At 50 joules per square centimeter or higher, the benefits disappear. In wound-healing studies, high doses actually worsened outcomes compared to no treatment at all, with wounds expanding rather than contracting. Cellular activation studies show the same curve: a clear peak at low doses, then a decline as energy increases. This is important if you’re considering a home device, because longer sessions or more powerful units aren’t automatically better. Following the manufacturer’s recommended treatment times matters.

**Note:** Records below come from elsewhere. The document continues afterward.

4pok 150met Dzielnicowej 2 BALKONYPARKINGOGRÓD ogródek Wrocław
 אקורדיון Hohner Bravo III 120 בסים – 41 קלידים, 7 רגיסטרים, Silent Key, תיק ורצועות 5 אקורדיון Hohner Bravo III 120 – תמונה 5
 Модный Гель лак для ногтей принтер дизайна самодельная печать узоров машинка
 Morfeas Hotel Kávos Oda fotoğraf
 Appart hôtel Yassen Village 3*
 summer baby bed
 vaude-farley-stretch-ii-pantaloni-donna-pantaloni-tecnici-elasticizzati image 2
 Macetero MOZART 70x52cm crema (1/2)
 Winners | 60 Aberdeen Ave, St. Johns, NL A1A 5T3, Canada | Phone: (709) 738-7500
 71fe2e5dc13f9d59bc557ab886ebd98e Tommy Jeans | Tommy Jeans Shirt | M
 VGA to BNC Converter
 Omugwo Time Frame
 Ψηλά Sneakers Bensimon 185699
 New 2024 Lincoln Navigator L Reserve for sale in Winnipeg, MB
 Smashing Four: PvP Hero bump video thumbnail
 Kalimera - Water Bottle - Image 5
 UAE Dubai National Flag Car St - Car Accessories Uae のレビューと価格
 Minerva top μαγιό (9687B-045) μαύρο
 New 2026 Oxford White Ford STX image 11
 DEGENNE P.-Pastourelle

Safety and Contraindications

NIR light therapy is generally well tolerated, with clinical trials consistently reporting no adverse effects at appropriate doses. It doesn’t burn the skin, doesn’t use UV radiation, and doesn’t involve drugs. That said, certain conditions make it a poor choice:

  • Impaired skin sensation: if you can’t feel heat normally (from nerve damage, for example), you may not notice overexposure
  • Poor circulation: defective arterial blood flow to the skin limits the body’s ability to manage the light’s effects
  • Active skin conditions: dermatitis, eczema, or skin previously damaged by radiation therapy
  • Tumors: because NIR light promotes cell growth and energy production, it should not be applied over known or suspected tumors
  • Photosensitivity: certain medications and conditions make skin abnormally reactive to light
  • Metal implants: in the treatment area, these can absorb and concentrate heat
  • Fever: adding energy to an already overheated body is counterproductive

Eye protection is worth considering when using devices near the face, particularly at the higher end of the power range. While some research is exploring NIR light as a treatment for eye diseases, direct exposure from a therapeutic device without proper guidance could pose risks to the retina.